WHAT THE EXERCISE ASKS:
For the data below, transcribe the part that opens with the line containing "HSF1 (NM_005526) Human" and closes with the line containing "Peregrine - Slechtvalk - Falco peregrinus", exactly and with no pictures.
:: INPUT RECORDS ::
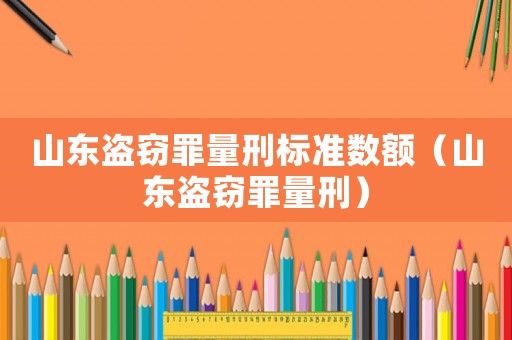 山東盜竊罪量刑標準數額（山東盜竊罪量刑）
:::
:: INPUT RECORDS ::
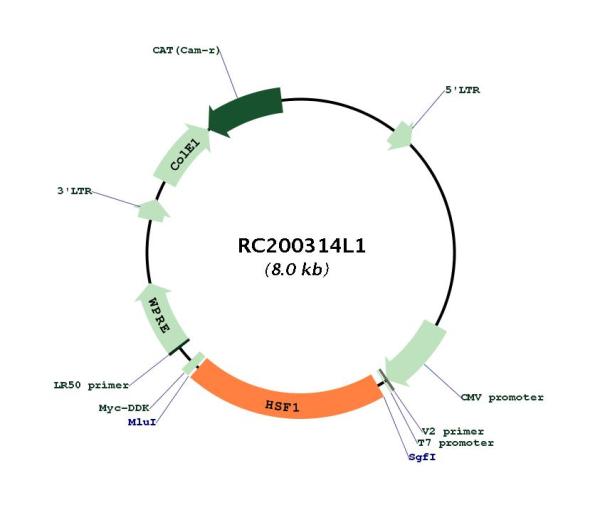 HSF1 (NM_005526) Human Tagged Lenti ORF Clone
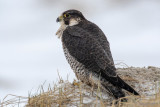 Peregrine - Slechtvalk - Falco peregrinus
:::
ANSWER FOR THIS EXERCISE:
 HSF1 (NM_005526) Human Tagged Lenti ORF Clone
 Peregrine - Slechtvalk - Falco peregrinus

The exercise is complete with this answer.